(RECORDS)

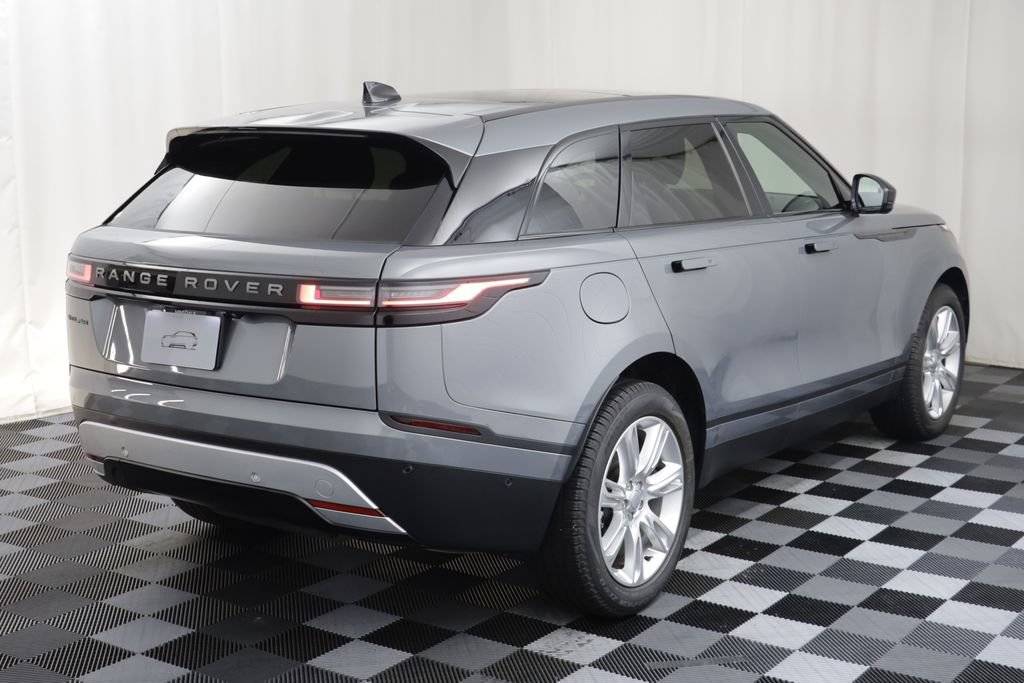 Certified 2026 Land Rover Range Rover Velar S AWD/4WD image 19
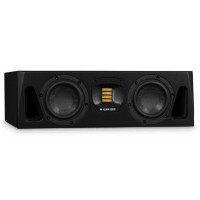 ADAM Audio A44H - Monitor de estudio activo de 2 vías ADAM Audio A44H - Monitor de estudio activo de 2 vías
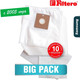 Миниатюра изображения товара Комплект пылесборников для пылесоса Filtero SAM 03 Comfort Big Pack (10шт)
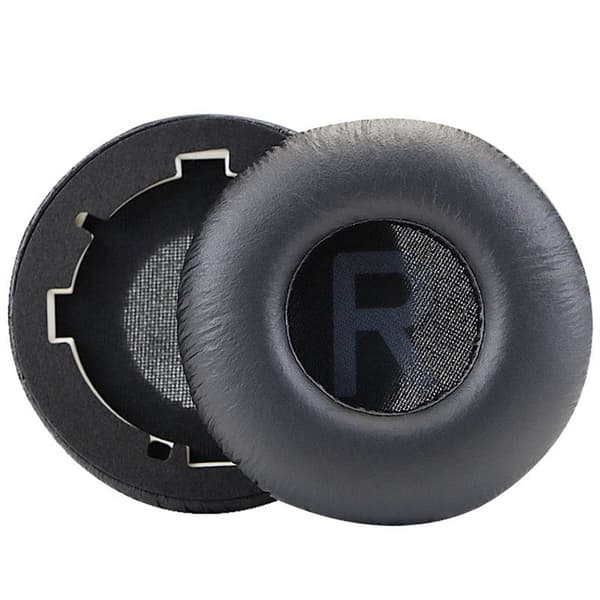 Ørepuder JBL Tune 600  - Sort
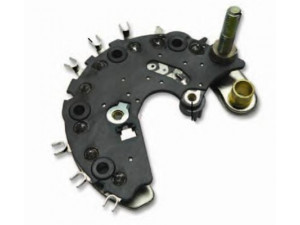 MAGNETI MARELLI 940016184300 lygintuvas, kintamosios srovės generatorius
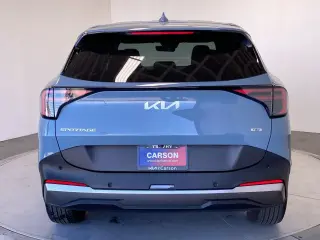 Kia Sportage Hybrid 2026 AWD S 4dr SUV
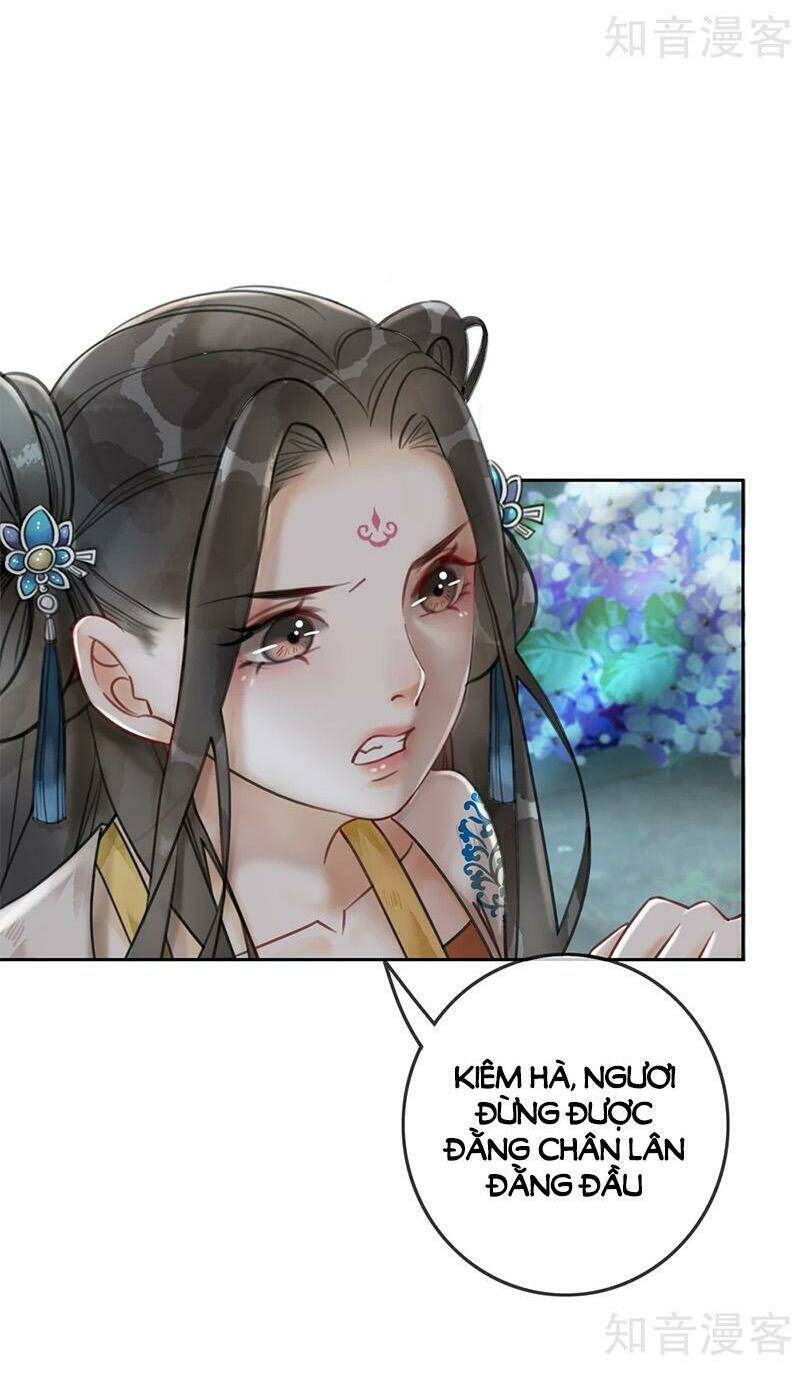 Hậu Cung Của Trẫm Cháy Rồi!: Chapter 57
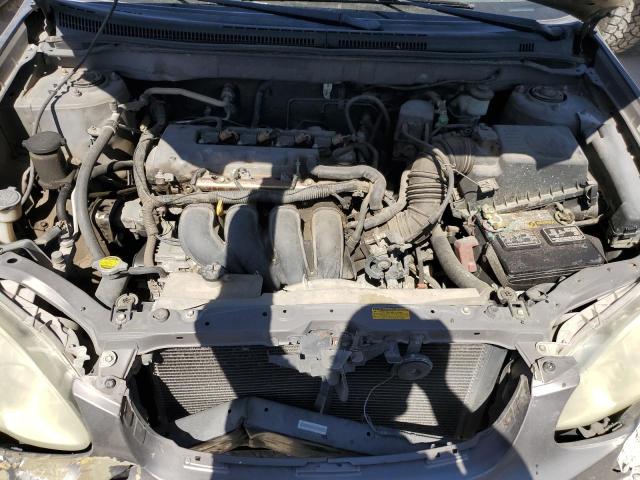 Photo 7 from auction – 2003 TOYOTA COROLLA CE with VIN 1NXBR32E03Z031041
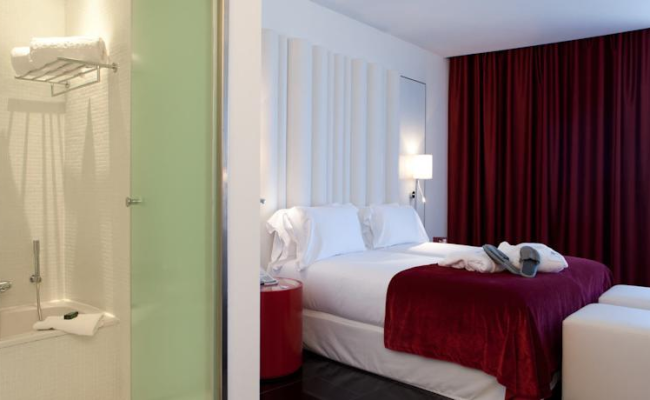 Hotel Porta Fira 4* Sup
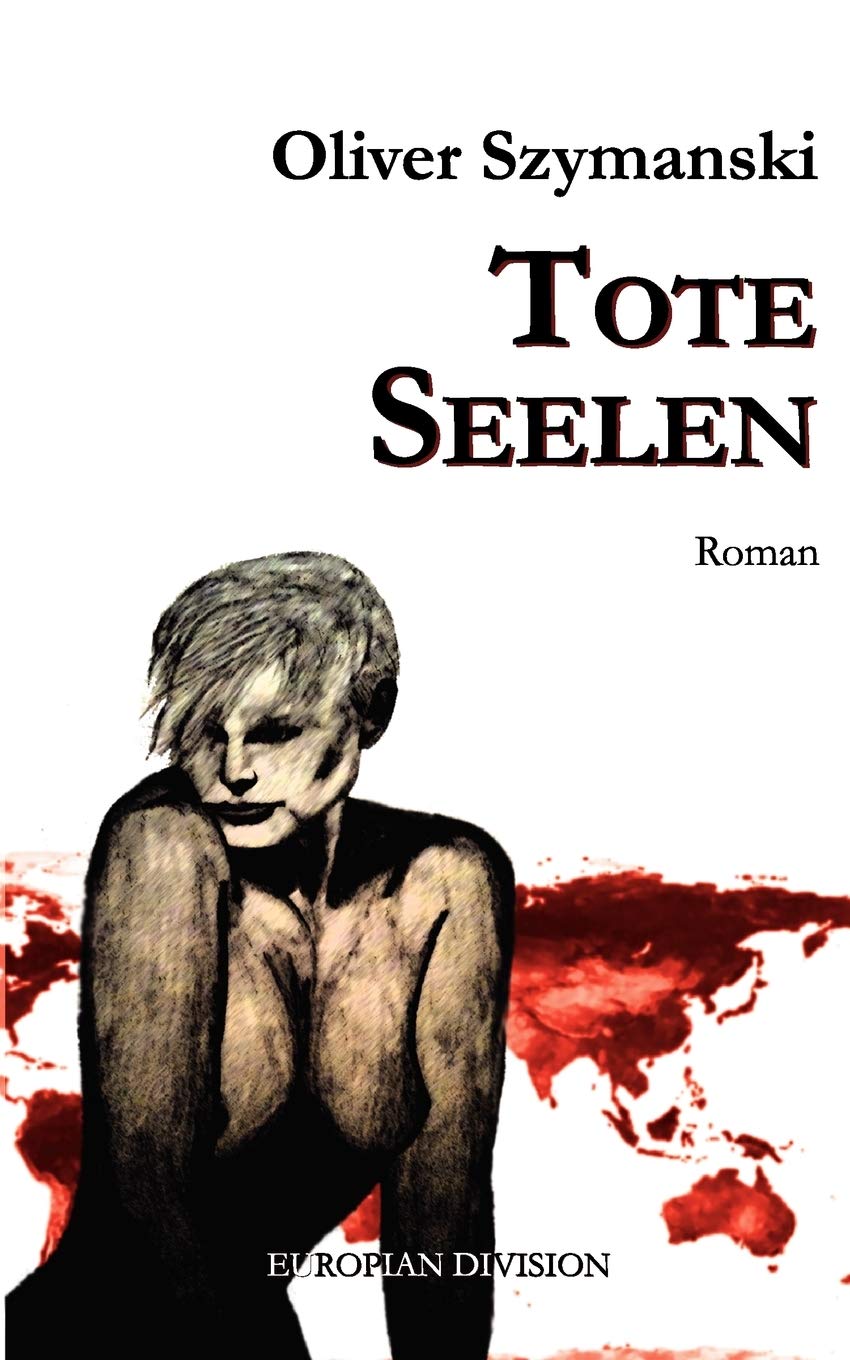 Tote Seelen: Schwarzer Mondtag (German Edition),Used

(End RECORDS)

THE TASK:
Pictures are to be left out. Everything else in the records must be written out exactly.

WRITTEN ANSWER:
 Certified 2026 Land Rover Range Rover Velar S AWD/4WD image 19
 ADAM Audio A44H - Monitor de estudio activo de 2 vías ADAM Audio A44H - Monitor de estudio activo de 2 vías
 Миниатюра изображения товара Комплект пылесборников для пылесоса Filtero SAM 03 Comfort Big Pack (10шт)
 Ørepuder JBL Tune 600  - Sort
 MAGNETI MARELLI 940016184300 lygintuvas, kintamosios srovės generatorius
 Kia Sportage Hybrid 2026 AWD S 4dr SUV
 Hậu Cung Của Trẫm Cháy Rồi!: Chapter 57
 Photo 7 from auction – 2003 TOYOTA COROLLA CE with VIN 1NXBR32E03Z031041
 Hotel Porta Fira 4* Sup
 Tote Seelen: Schwarzer Mondtag (German Edition),Used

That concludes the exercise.